Monday, Jun. 16, 1952
Present for the Vatican
In a small auditorium of Rome's Pontifical Institute of Christian Archaeology, New York's Cardinal Spellman stood last week before 200 assembled notables to dedicate an impressive gift. Everyone on hand knew the value of the 100,000 photographs and 500,000 duplicate catalogue cards that had come from the U.S. "It is," said one Vatican scholar, "just as if an encyclopedia had never existed before, and the first encyclopedia had just been issued." The gift the cardinal was presenting: a complete copy of Princeton's massive Index of Christian Art.
The original index, still at Princeton, was begun back in 1917, when Charles Rufus Morey, assistant professor of art and archaeology, started searching for a way to make a permanent record of Christian art. This seemed a hopelessly ambitious scheme, for it meant listing every published example of early Christian art, describing it, compiling opinions on its date and meaning, and finally cataloguing it with a photograph. Scholars felt the need for such an index, but, says Professor Morey, "only we were fools enough to get on with it."

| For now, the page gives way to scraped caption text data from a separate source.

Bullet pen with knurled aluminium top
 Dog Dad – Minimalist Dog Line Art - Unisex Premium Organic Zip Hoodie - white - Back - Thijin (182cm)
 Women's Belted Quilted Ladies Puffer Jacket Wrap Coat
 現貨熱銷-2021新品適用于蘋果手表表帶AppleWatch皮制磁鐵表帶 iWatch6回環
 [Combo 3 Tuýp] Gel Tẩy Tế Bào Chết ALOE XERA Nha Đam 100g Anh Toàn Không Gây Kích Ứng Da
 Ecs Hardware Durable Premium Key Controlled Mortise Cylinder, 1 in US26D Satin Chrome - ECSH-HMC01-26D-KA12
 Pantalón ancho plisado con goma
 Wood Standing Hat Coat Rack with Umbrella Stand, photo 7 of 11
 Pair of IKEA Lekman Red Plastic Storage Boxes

A kindly, dedicated man, Morey at first limited himself to the first seven centuries of the Christian era. Later, he decided to include works of art up to 1200, finally raised his sights to 1400. The index not only had to cover every illustration--sculpture, frescoes, paintings, coins, medals, tapestries--inspired by the Bible, but also those based on the lives of the saints, the writings of the church fathers, and the history of the church.
In spite of its 500,000 cards, the index is still not complete. In one day, a staff member may have to catalogue an 6th century statue, a 6th century painting, a 9th century illuminated manuscript, a 4th century funeral slab. He may have to catalogue each work in several different ways--by character, by scene (e.g., Christ teaching), by object (e.g., Solomon's Temple). Finally, he has to enter his information on one of 16 different types of cards--grey for textiles, brown for leather, white for sculpture, etc.
After 35 years, Professor Emeritus Morey, now 74, has come close to realizing an old dream: giving scholars a chance to see all the examples of art on any particular subject almost at a glance. Where-ever complete copies of the index exist--at Princeton, and at Dumbarton Oaks--U.S. scholars have been able to do in one day research that would once have taken months. Now, with a third copy safely installed in Rome through funds raised by Cardinal Spellman, European scholars are at last able to do the same.